In the first paper, Freddie Mac explores Middle Appalachia’s multifamily housing market with a special focus on the primary means of developing affordable housing in undeserved markets: the Low-Income Housing Tax Credit (LIHTC) program. We take a look at the market size of this subsidy program, including the geographic distribution of properties receiving LIHTC allocations, its importance in serving lower-income households, and we highlight some challenges to development based on demographic, economic and topographical factors.  Below are some of the key findings of the research:

  • There are 5.4 million residents in rural Middle Appalachia as defined by Duty to Serve. This represents 1.7 percent of the total U.S. population and 7.2 percent of the nation’s rural population.
  • The population of rural Middle Appalachia skews older than the nation as a whole.
  • Income in rural Middle Appalachia is 40 percent lower than the national average and 20 percent lower than the rural average.

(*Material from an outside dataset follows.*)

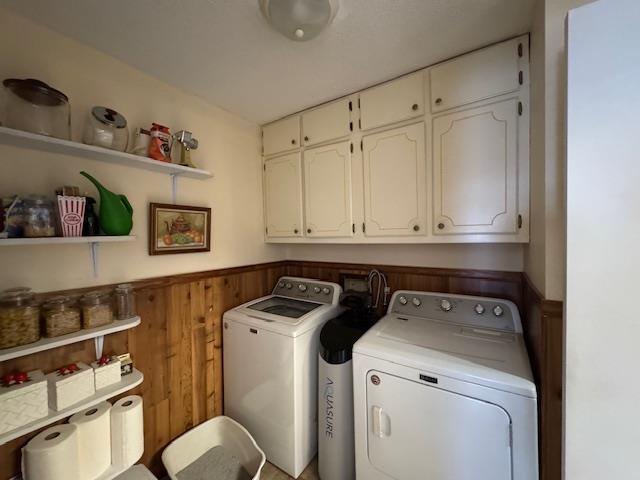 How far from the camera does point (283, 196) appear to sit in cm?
199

  • Rental housing, and multifamily rental housing in particular, is rare in rural Middle Appalachia. Only 26.7 percent of households are renters (compared to 36.4 percent nationally). Of these renter households, only 16.7 percent rent multifamily units (compared to 42.6 percent nationally).

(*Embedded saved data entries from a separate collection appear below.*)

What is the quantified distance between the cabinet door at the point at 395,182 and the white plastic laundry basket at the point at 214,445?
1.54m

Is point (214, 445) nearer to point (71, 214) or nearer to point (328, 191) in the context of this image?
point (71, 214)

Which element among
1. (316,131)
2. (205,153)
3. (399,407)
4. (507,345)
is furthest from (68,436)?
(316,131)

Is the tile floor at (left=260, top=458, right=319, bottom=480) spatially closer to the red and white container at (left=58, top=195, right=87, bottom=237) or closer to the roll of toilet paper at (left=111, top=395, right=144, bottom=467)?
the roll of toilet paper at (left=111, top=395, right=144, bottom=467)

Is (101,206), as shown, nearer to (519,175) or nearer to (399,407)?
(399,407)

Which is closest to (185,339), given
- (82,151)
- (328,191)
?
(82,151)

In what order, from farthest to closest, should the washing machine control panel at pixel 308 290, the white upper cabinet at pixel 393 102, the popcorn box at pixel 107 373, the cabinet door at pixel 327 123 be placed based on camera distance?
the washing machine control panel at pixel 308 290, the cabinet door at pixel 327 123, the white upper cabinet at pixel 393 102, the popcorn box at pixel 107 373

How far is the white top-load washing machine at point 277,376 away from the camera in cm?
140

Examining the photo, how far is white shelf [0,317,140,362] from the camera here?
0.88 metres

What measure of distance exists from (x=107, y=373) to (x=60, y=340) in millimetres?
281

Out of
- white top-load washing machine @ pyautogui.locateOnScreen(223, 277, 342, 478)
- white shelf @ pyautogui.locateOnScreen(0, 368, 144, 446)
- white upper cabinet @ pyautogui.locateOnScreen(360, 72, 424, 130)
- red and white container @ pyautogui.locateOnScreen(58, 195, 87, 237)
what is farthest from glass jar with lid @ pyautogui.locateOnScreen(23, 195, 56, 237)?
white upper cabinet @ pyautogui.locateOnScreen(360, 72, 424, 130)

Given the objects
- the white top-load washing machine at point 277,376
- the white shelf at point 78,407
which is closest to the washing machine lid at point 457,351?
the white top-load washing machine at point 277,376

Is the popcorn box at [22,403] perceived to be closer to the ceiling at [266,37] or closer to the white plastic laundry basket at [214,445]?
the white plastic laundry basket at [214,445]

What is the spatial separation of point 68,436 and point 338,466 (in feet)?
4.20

  • Developing new rental housing often requires multiple sources of capital. The LIHTC program is the most popular housing subsidy for providing affordable housing and, on average, supports about 25 properties in rural Middle Appalachia each year.
  • Although LIHTC properties support a small percentage of all households in rural Middle Appalachia compared with the nation, they support a relatively high percentage of Middle Appalachian multifamily renters and play a vital role in providing affordable rental housing for tenants who would otherwise be severely rent-burdened.

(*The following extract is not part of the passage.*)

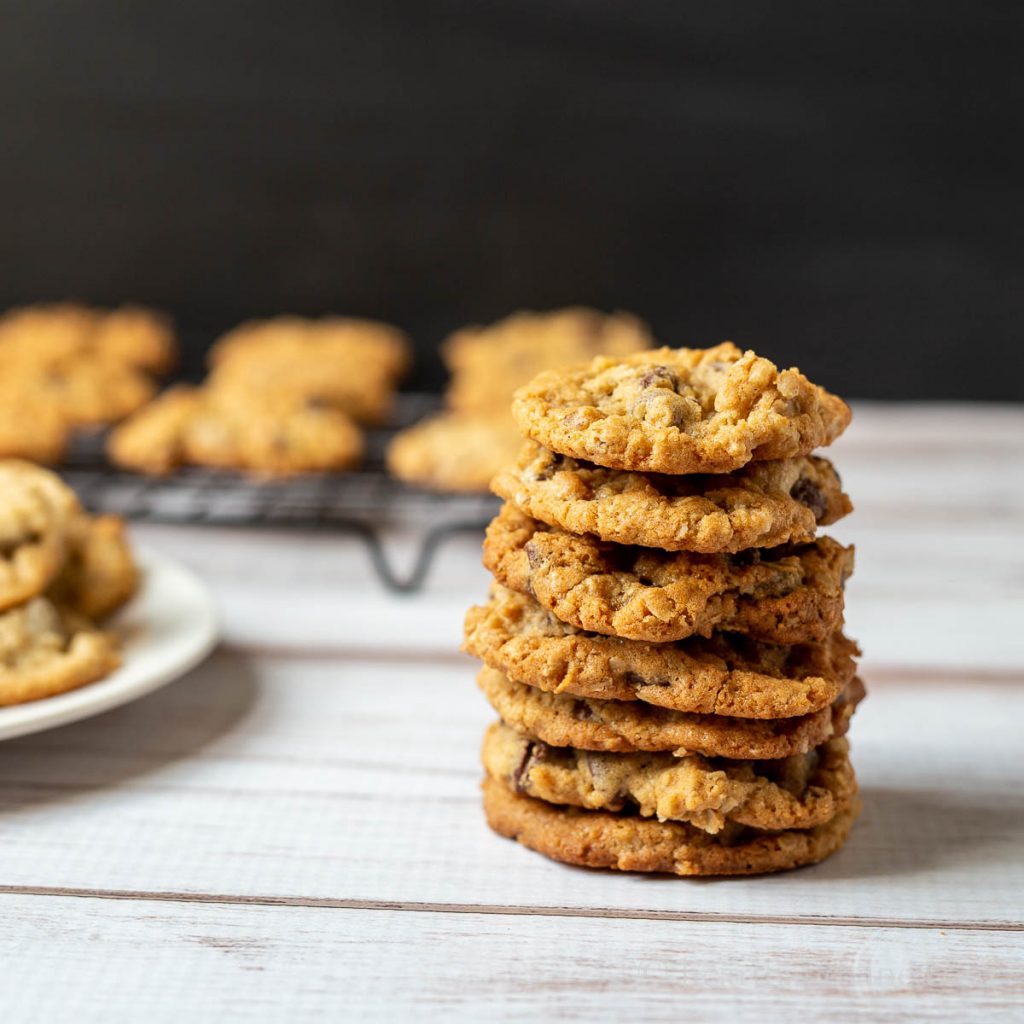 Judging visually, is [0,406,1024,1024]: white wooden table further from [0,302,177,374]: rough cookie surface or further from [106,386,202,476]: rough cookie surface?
[0,302,177,374]: rough cookie surface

In the second paper, Freddie Mac aims to provide clarity on the definition of Indian Areas and explore the role that the
LIHTC program plays in providing affordable multifamily rental housing for tribal members throughout the nation. It examines the market size of this subsidy program, as well as demographic and economic characteristics of Indian Areas, and we highlight some challenges to LIHTC development that are unique to this market.  Some of the key findings of the research:

  • Multifamily rental housing is rare in Indian Areas. The multifamily stock that does exist typically requires housing subsidies, namely the LIHTC program.
  • Debt financing for LIHTC housing is very limited. As such, projects heavily depend on tax credit equity and housing grants.
  • LIHTC properties in Indian Areas tend to be very small. Only 3.4 percent of the properties have 100 or more units, compared with 23.3 percent in the nation.
  • Set-asides for tribal LIHTC projects are offered by three states, while several others have preferences for projects that serve this population.
  • The poverty rate and unemployment rate among tribal members is more than double that of the nation. Household income is 31 percent lower. This makes the development and operation of affordable housing more difficult, particularly without subsidies.
  • There are over 2,000 LIHTC properties in Indian Areas supporting over 80,000 units. However, this is an overestimate of the tribal LIHTC stock because not all properties that fall within the boundaries of Indian Areas specifically focus on serving tribal members.
  • The unique definition of Indian Areas makes it difficult to precisely measure demographic, economic and housing characteristics.
  • Despite these challenges, tribal housing authorities successfully develop LIHTC housing in Indian Areas each year, though the rate of development is too slow to close the gap in housing over the near or moderate term.